TASK DESCRIPTION
Copy out exactly the lines beginning with the one that contains "VINTAGE ADIDAS GYM BAG-ESTATE" and ending at the last line of the listing, skipping any pictures.

STORED DATA
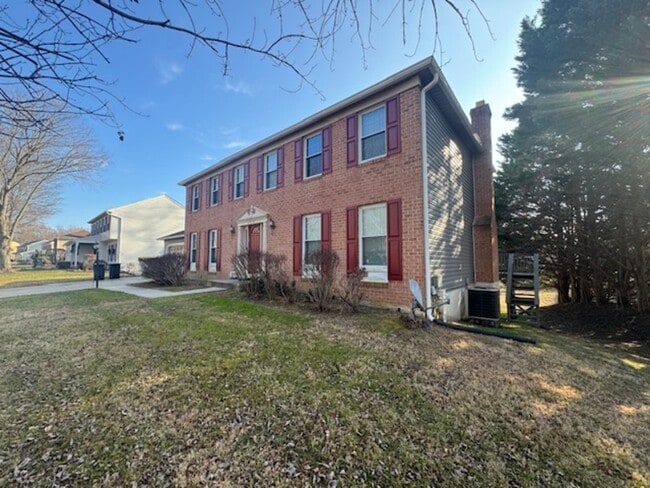 8310 Chestnut Farm Ln in Ellicott City, MD - Building Photo - Building Photo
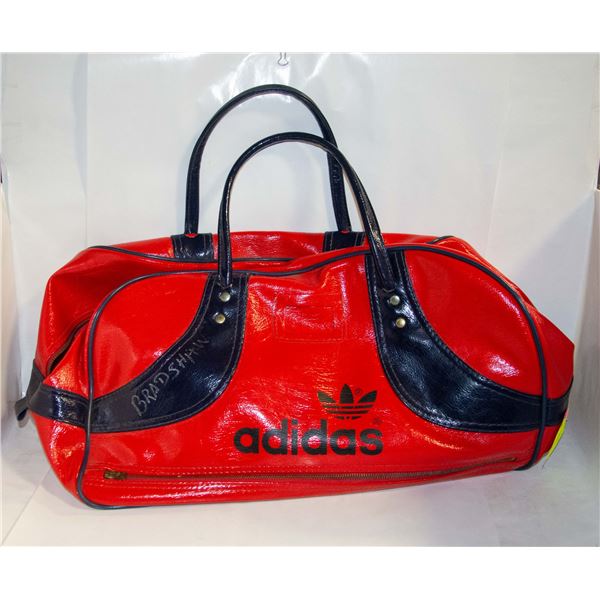 VINTAGE ADIDAS GYM BAG-ESTATE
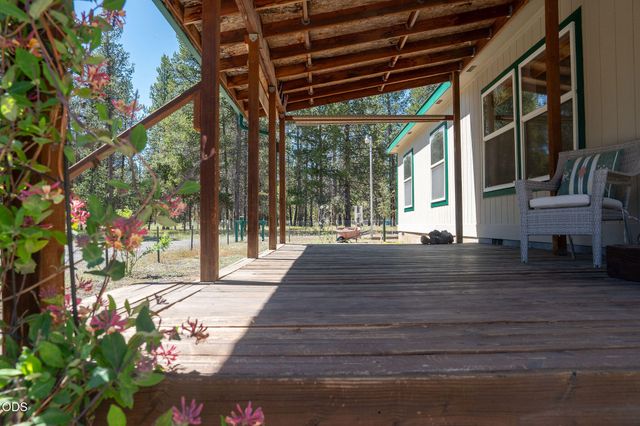 16115 Del Pino Drive, La Pine, OR 97739
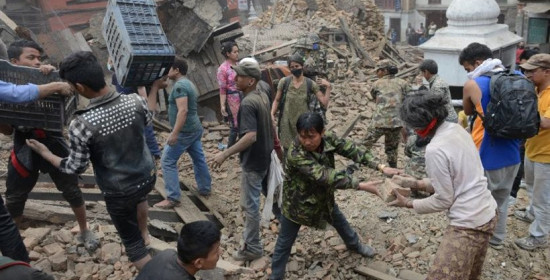 Απέραντο νεκροταφείο το Νεπάλ: Ξεπέρασαν τους 1.900 οι νεκροί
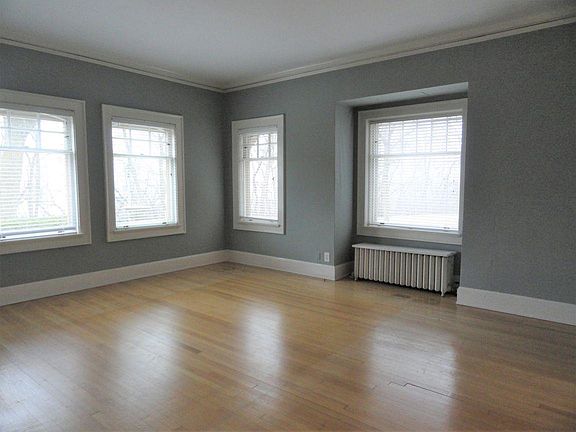 5th image of 2367 N Wahl Ave #1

RESPONSE FOR THIS EXERCISE
 VINTAGE ADIDAS GYM BAG-ESTATE
 16115 Del Pino Drive, La Pine, OR 97739
 Απέραντο νεκροταφείο το Νεπάλ: Ξεπέρασαν τους 1.900 οι νεκροί
 5th image of 2367 N Wahl Ave #1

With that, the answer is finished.